* TASK GOAL
The reply should contain every entry exactly as given, with no pictures in it.

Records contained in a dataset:
☆ ☆ ☆ ☆ ☆

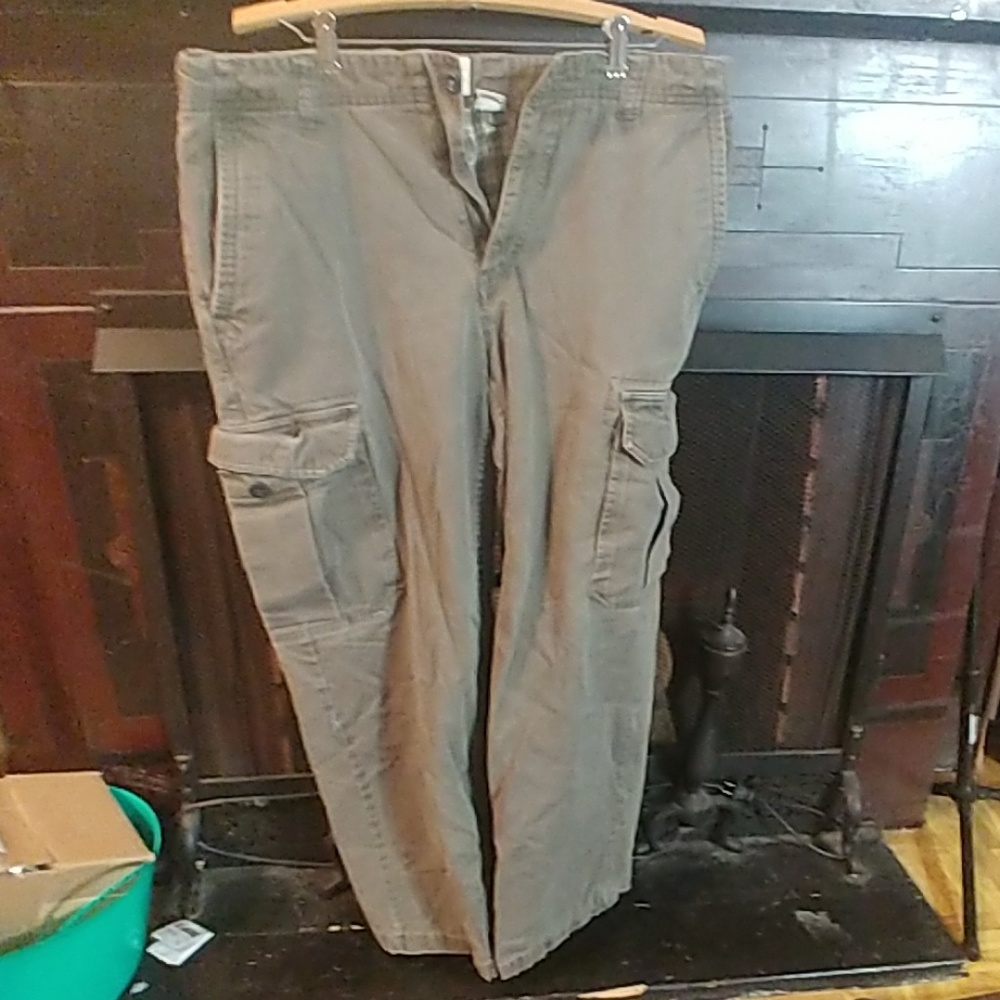 GAP Green Cargo Pants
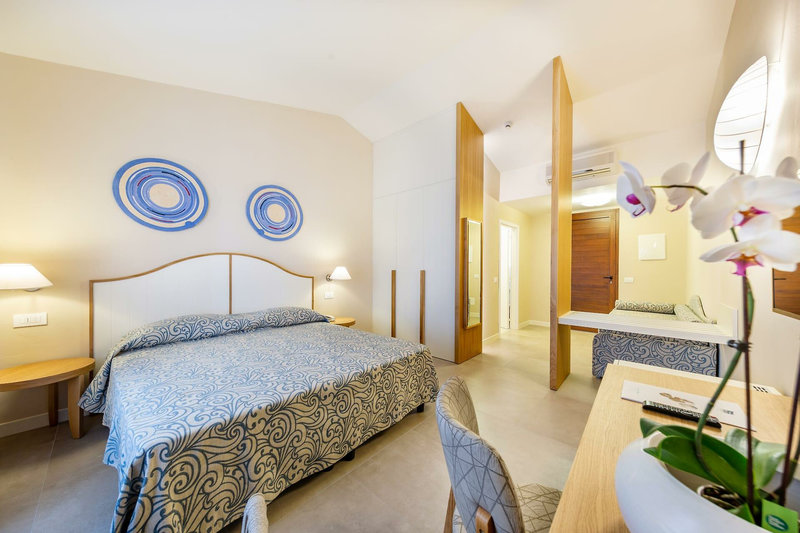 Blu Hotel Laconia Village 5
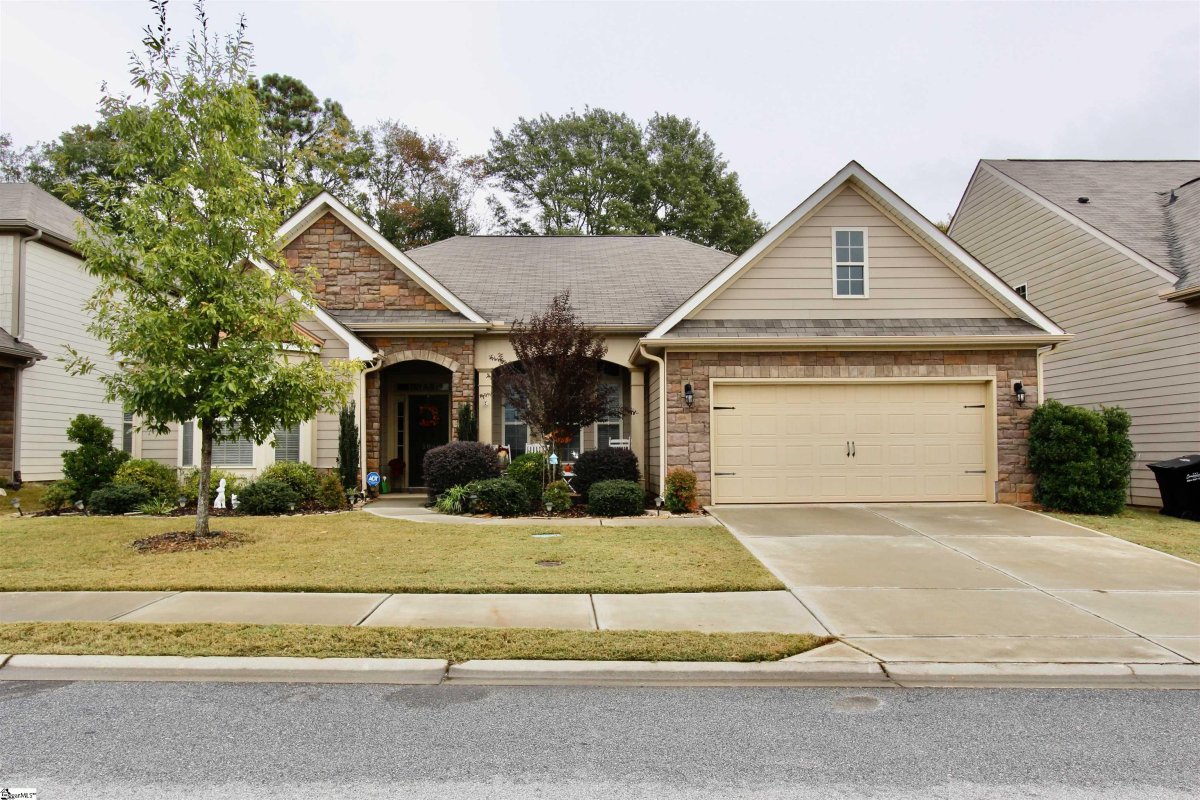 106 Redmont Court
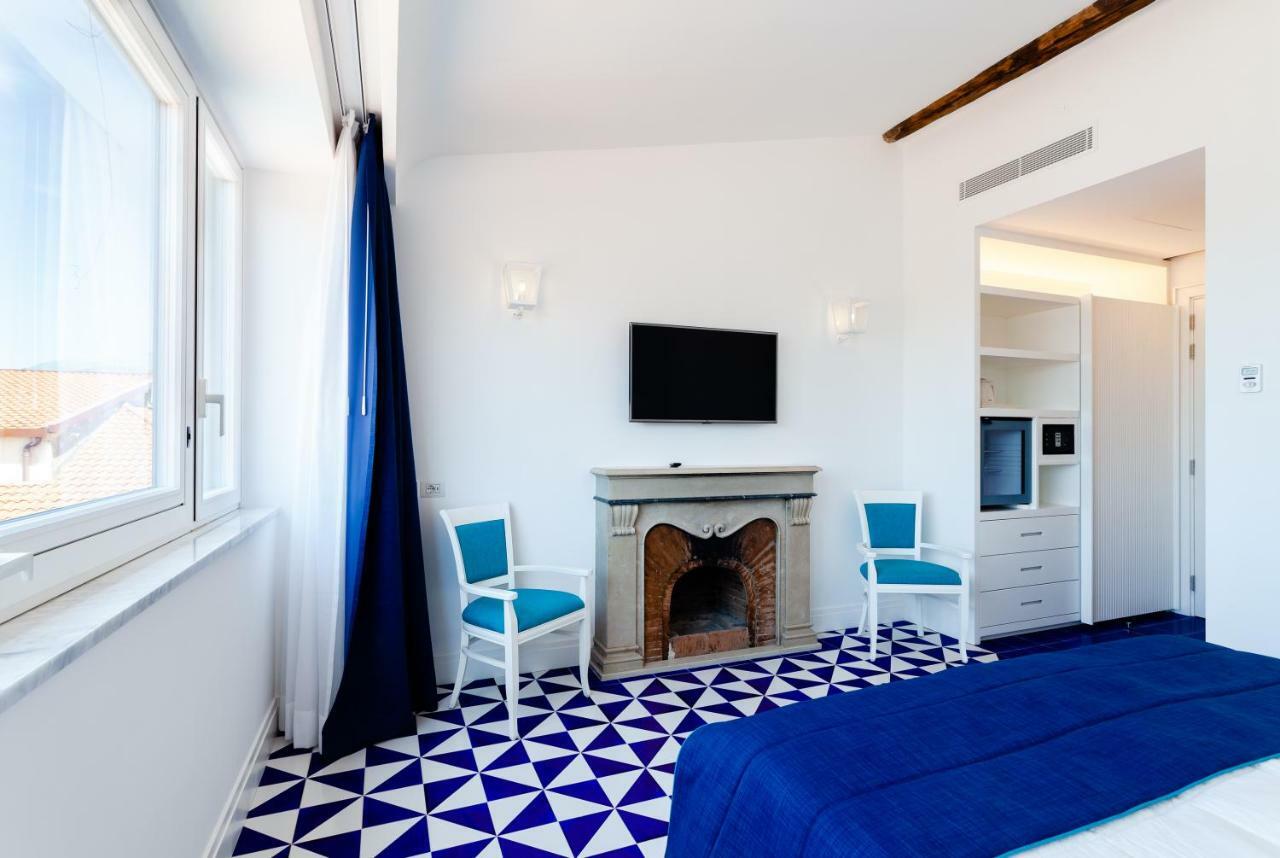 Maison Blu - Intimate Guesthouse Sorrento Exterior foto
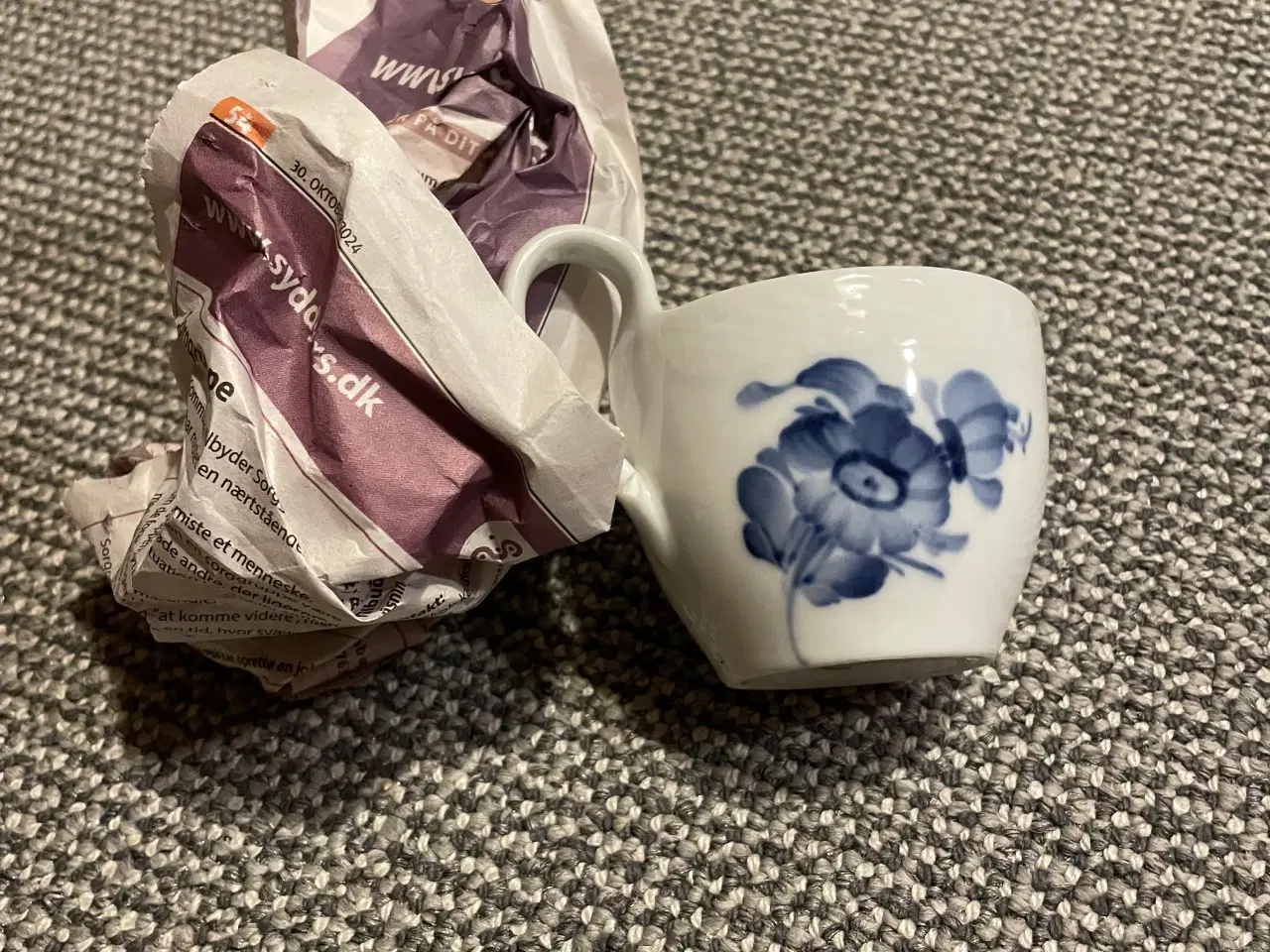 Billede 5 - Royal Copenhagen Højhankskop blå blomst nr 10/8193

☆ ☆ ☆ ☆ ☆

* OUTPUT
 GAP Green Cargo Pants
 Blu Hotel Laconia Village 5
 106 Redmont Court
 Maison Blu - Intimate Guesthouse Sorrento Exterior foto
 Billede 5 - Royal Copenhagen Højhankskop blå blomst nr 10/8193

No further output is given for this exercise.